__What to work on__:
Nothing but the lines from the top of the data to the line holding "L'Oréal Paris Men" should be printed, word for word and both ends included; leave the pictures out.

__Data supplied__:
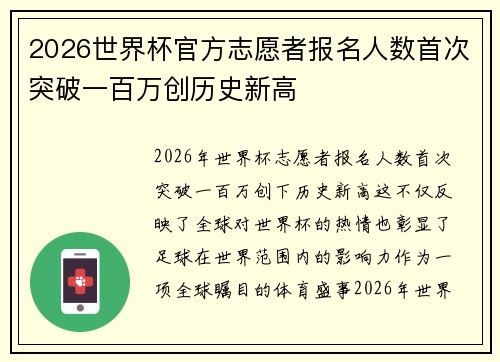 2026世界杯官方志愿者报名人数首次突破一百万创历史新高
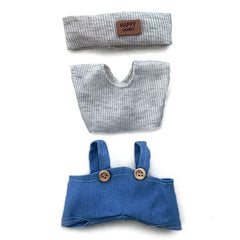 Outfit: Blue Denim Overalls & Knit Grey Top w/ Matching Headband for Dolls - Petite Threads Simple Exclusive 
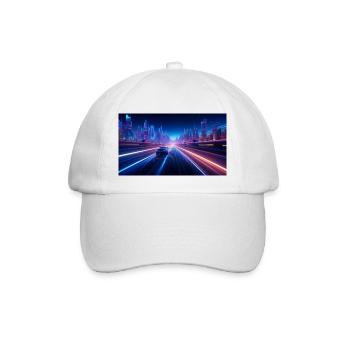 Neon Pulse: Ein futuristisches Auto auf der Autoba - Baseballkappe - Weiß/Weiß - Vorne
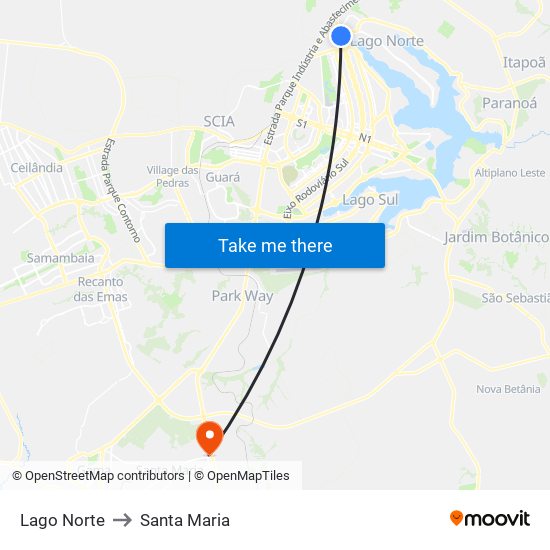 Lago Norte to Santa Maria map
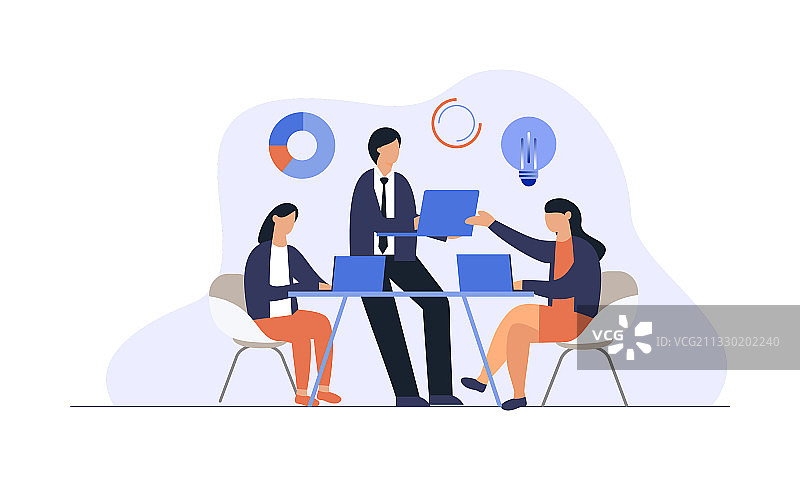商务团队讨论创业想法图片素材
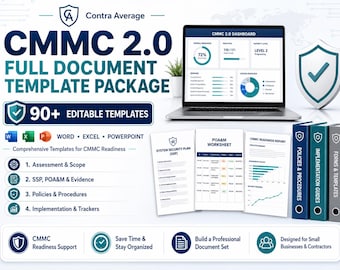 CMMC 2.0 Full Document Template Package, NIST 800-171 System Security Plan, POA&M, Policies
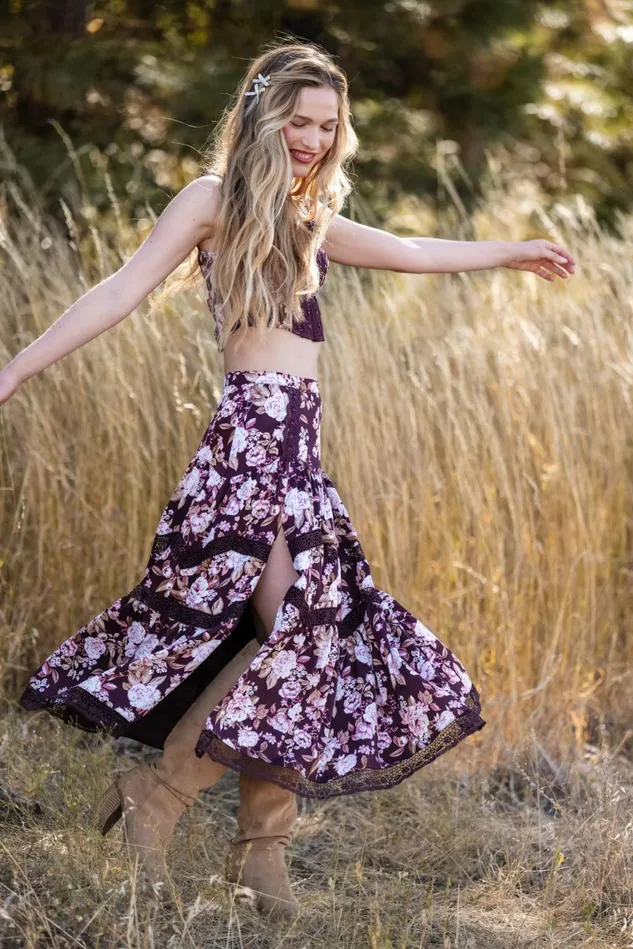 Altar039d State Lacinda Floral Midi Skirt Women Matching Sets
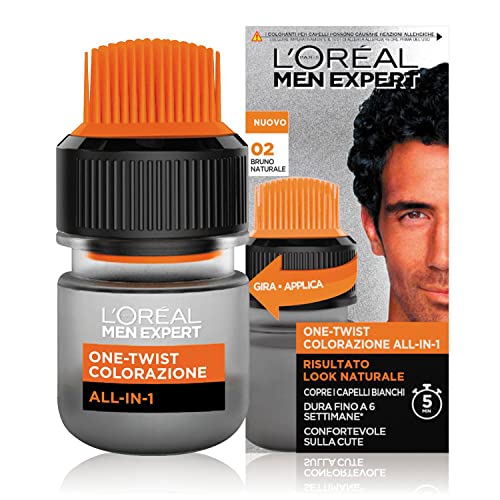 L'Oréal Paris Men Expert Herren Coloration One-Twist All-in-One, natürliches Ergebnis, einfache und schnelle Anwendung, naturbraun (02)
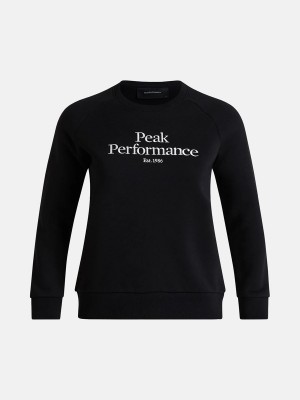 Peak Performance Original Crew Women's Sweatshirt Black / White | FSW15-832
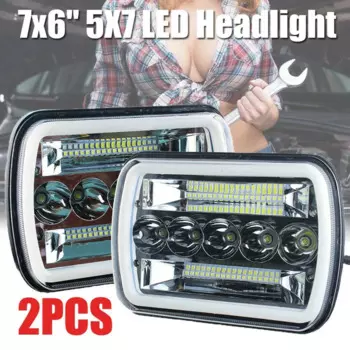 1 пара 240 Вт 5X7 дюймов 7X6 дюймов светодиодные фары Hi-Lo Beam Halo DRL для Jeep Cherokee Wrangler XJ YJ
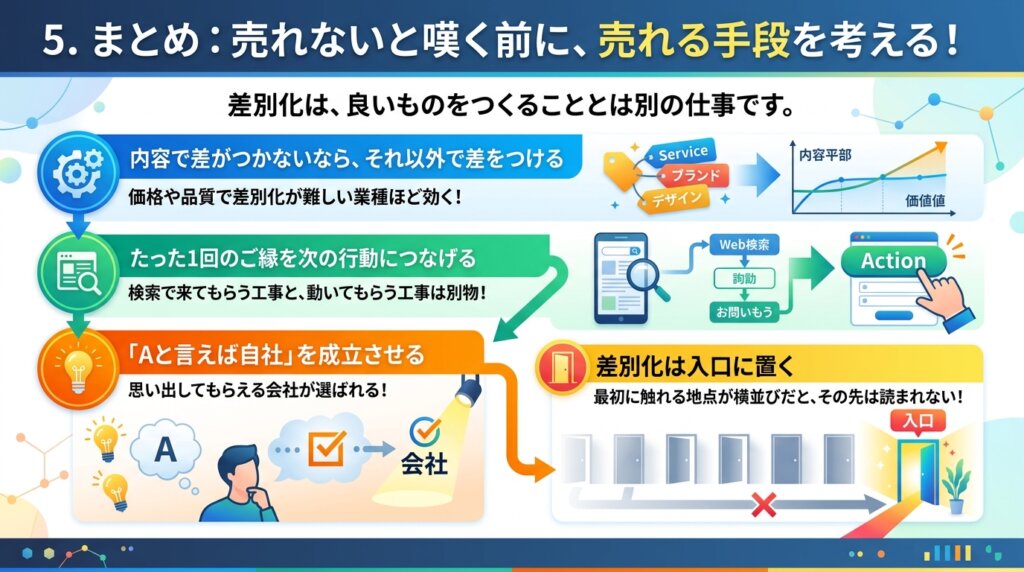 内容以外で差をつける・1回のご縁を次の行動につなげる・「Aと言えば自社」を成立させる・差別化は入口に置くという4つの要点をまとめた図解。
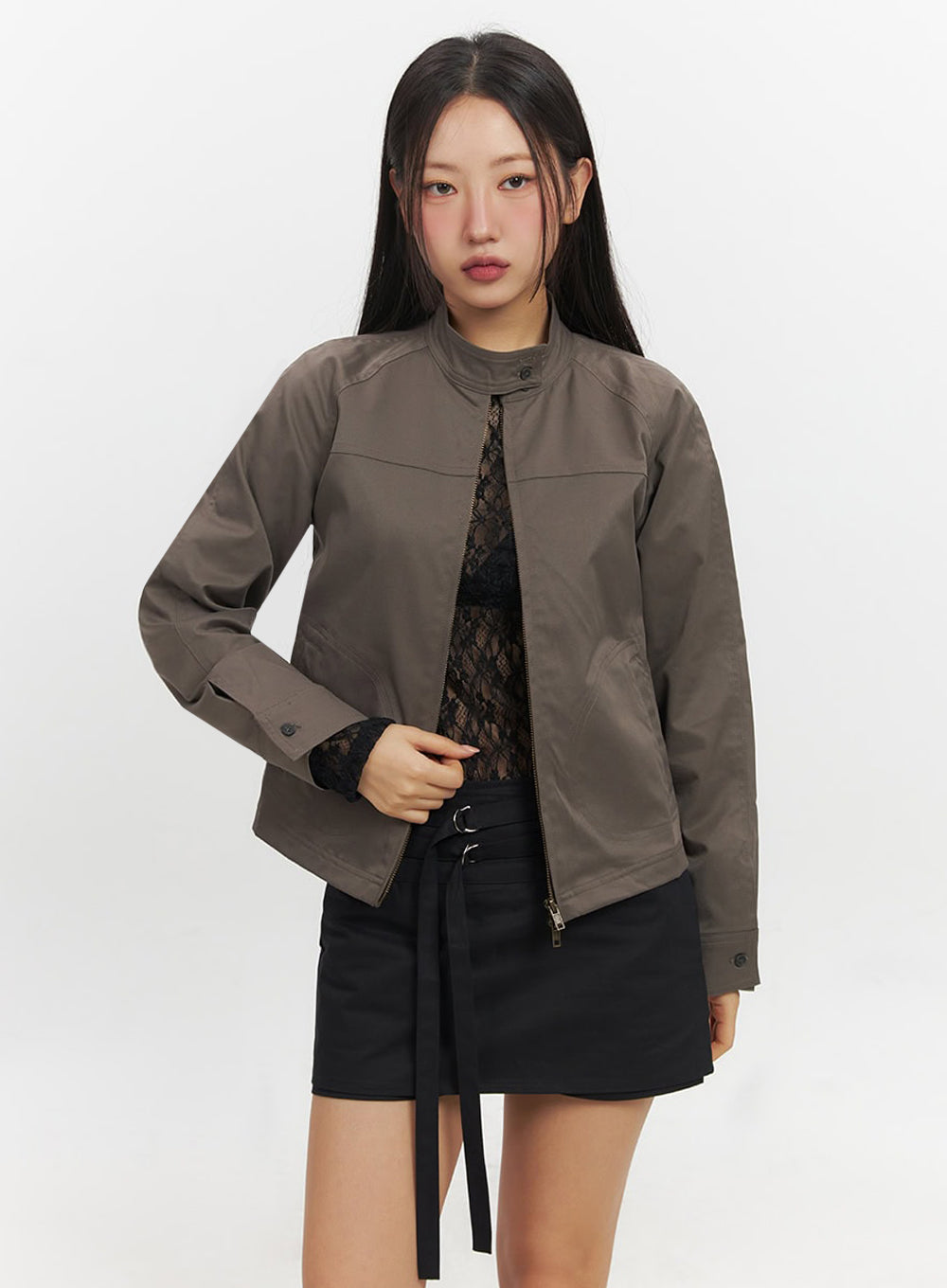 chic-zip-up-long-sleeve-jacket-if510 / Dark gray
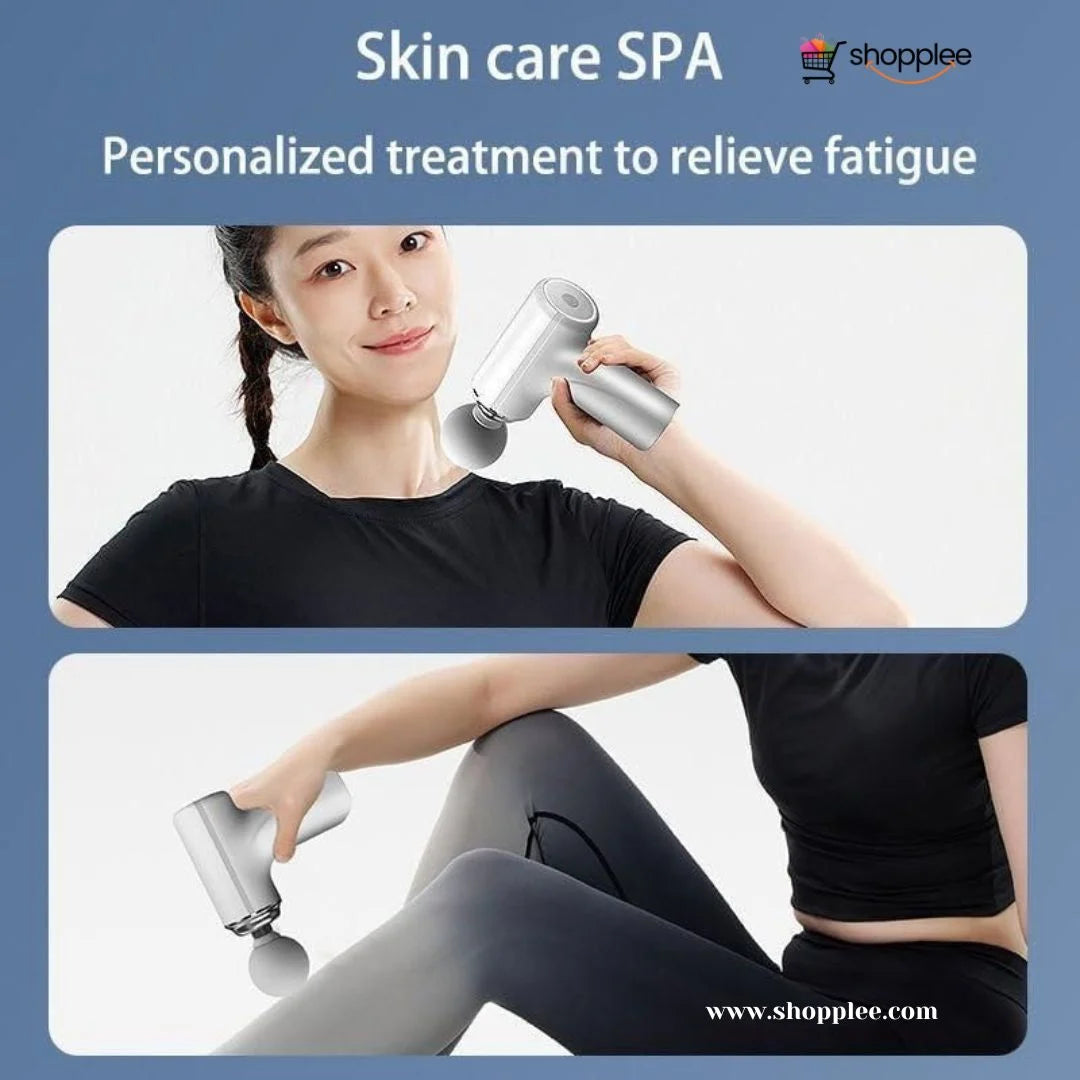 Person using gun massager on shoulder for pain relief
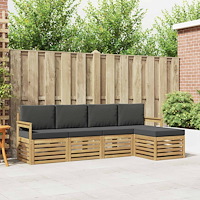 vidaXL Utomhussoffset 5 pcs Vit och antracit 249 x 122,5 x 73 cm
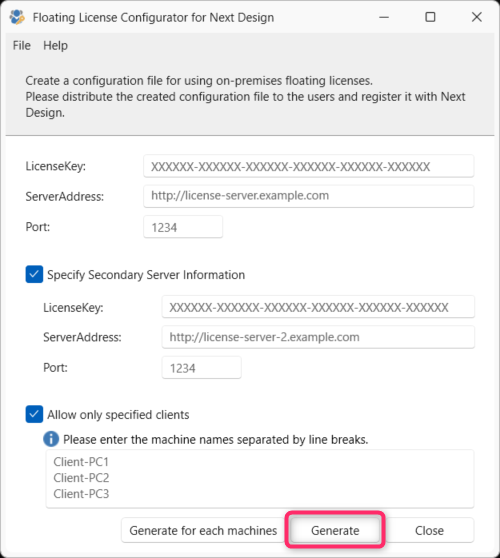 Create a single license setting file
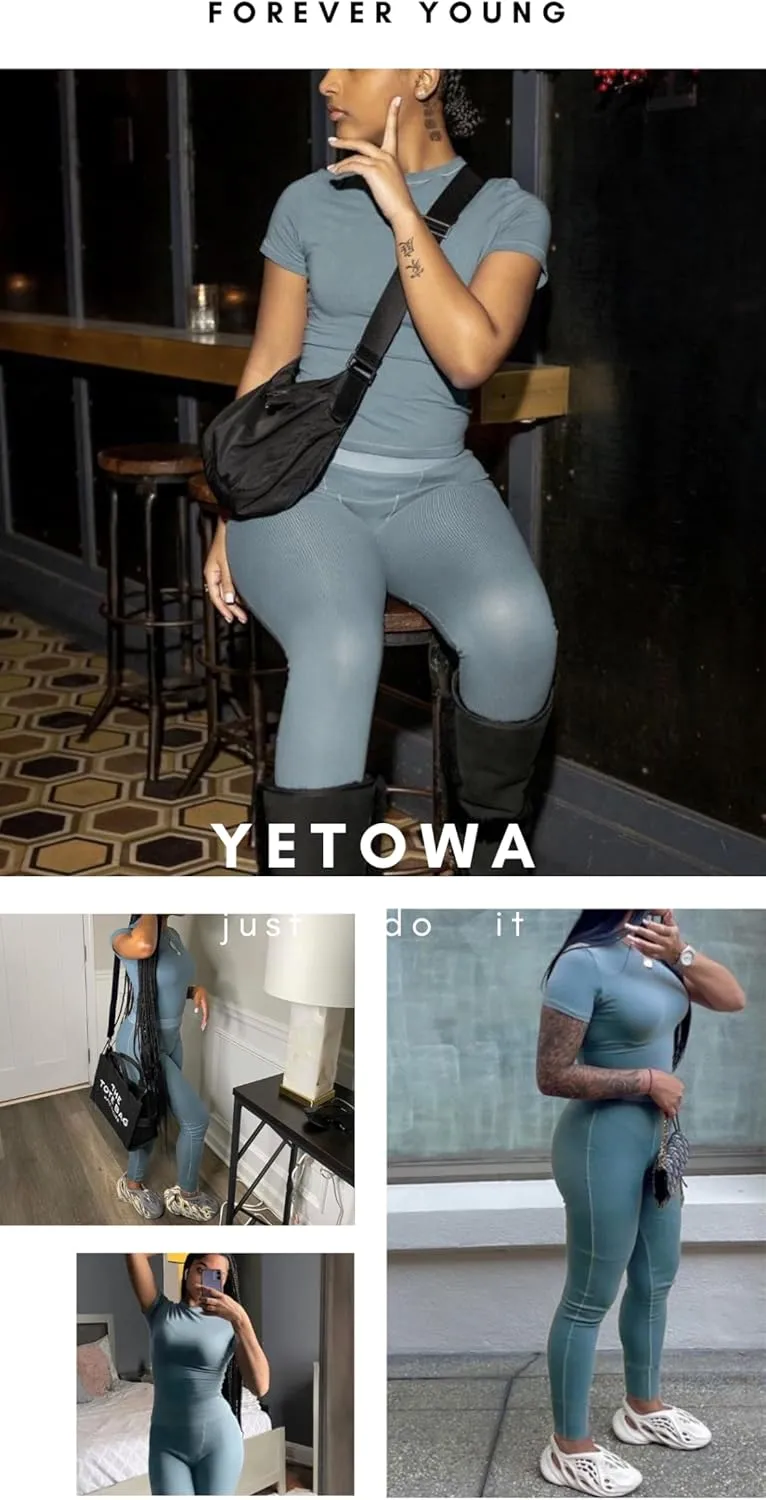 Women Casual Workout Sets 3 Pieces Lounge Wear Yoga Outfits Short Sleeve Ribbed Top Elastic High Waist Leggings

__Answer space__:
 2026世界杯官方志愿者报名人数首次突破一百万创历史新高
 Outfit: Blue Denim Overalls & Knit Grey Top w/ Matching Headband for Dolls - Petite Threads Simple Exclusive 
 Neon Pulse: Ein futuristisches Auto auf der Autoba - Baseballkappe - Weiß/Weiß - Vorne
 Lago Norte to Santa Maria map
商务团队讨论创业想法图片素材
 CMMC 2.0 Full Document Template Package, NIST 800-171 System Security Plan, POA&M, Policies
 Altar039d State Lacinda Floral Midi Skirt Women Matching Sets
 L'Oréal Paris Men Expert Herren Coloration One-Twist All-in-One, natürliches Ergebnis, einfache und schnelle Anwendung, naturbraun (02)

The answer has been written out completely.